« March 2015 | Main | May 2015 »

Nice chart from the neck down

I was drawn to this Wall Street Journal chart because of the blue columns.


The blue color solves a common problem in time-series plots when the time axis is incomplete. The first quarter of 2015 is dangling. The article is about first-quarter economic performance and so it is appropriate to focus attention on the Q1 columns.

The rest of the chart is filled with Tufte goodies: the clean axes and labels and so on.

The online edition shows a slightly different chart: ("Slow Job Growth Tests Economy", April 4, 2015):


This one singles out the last column for attention. Readers are invited to compare the most recent month with any of the other months displayed on the chart. By contrast, in the printed version, readers are guided to compare first-quarters across years. The choice of colors leads readers in different directions.

Another difference between the two charts is portrayal of missed expectation in the online version. (I am ignoring the vertical line on top of the T, which is just confusing and unnecessary.) This seems to be the main story in the chart. If so, I'd like to see the forecast data displayed for several other months. By doing so, they drive home the message that this most recent month is uniquely bad.

The footnote is actually very important (I'd place it in a more visible spot). It is because of seasonal adjustment that readers can compare the heights of any column to any column on these two charts. If the data were not adjusted, then it would be difficult to separate the trend from seasonality. For a refresher on seasonal adjustment, see my post here, and the chapters on economic statistics in Numbersense (link).


The printed edition above is a great chart from the neck down. The headline of the chart lets it down. "The U.S. economy has seen several disappointing first quarters since the recovery began."

The blue columns do not stand out as particularly bad, especially if one considers that there should be a margin of error around each number in the chart.

The column chart is purely about "nonfarm payrolls" which is only one aspect of the U.S. economy. The other data series, GDP, tucked below the column chart, show a set of positive annual numbers which do not fit the headline either.

Reading between the gridlines

Reader Jamie H. pointed me to the following chart in the Guardian (link), which originated from Spotify.

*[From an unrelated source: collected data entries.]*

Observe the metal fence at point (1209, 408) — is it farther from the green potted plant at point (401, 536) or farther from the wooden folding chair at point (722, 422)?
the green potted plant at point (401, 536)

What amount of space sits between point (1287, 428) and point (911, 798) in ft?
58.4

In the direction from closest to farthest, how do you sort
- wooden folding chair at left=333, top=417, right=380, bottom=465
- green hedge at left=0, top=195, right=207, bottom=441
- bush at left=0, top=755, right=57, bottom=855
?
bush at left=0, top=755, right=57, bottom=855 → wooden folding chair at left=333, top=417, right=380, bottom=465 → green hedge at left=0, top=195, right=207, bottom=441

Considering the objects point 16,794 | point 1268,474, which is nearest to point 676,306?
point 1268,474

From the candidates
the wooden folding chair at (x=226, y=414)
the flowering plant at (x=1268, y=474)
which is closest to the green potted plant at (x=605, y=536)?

This chart is likely inspired by the Arctic ice cover chart discussed here last year (link):


Spotify calls its chart "the Coolness Spiral of Death" while the other one is called "Arctic Death Spiral".

The spiral chart has many problems, some of which I discussed in the post from last year. Just take a look at the headline, and then the black dotted spiral. Does the shape invoke the idea of rapid evolution, followed by maturation? Or try to figure out the amount of evolution between ages 18 and 30.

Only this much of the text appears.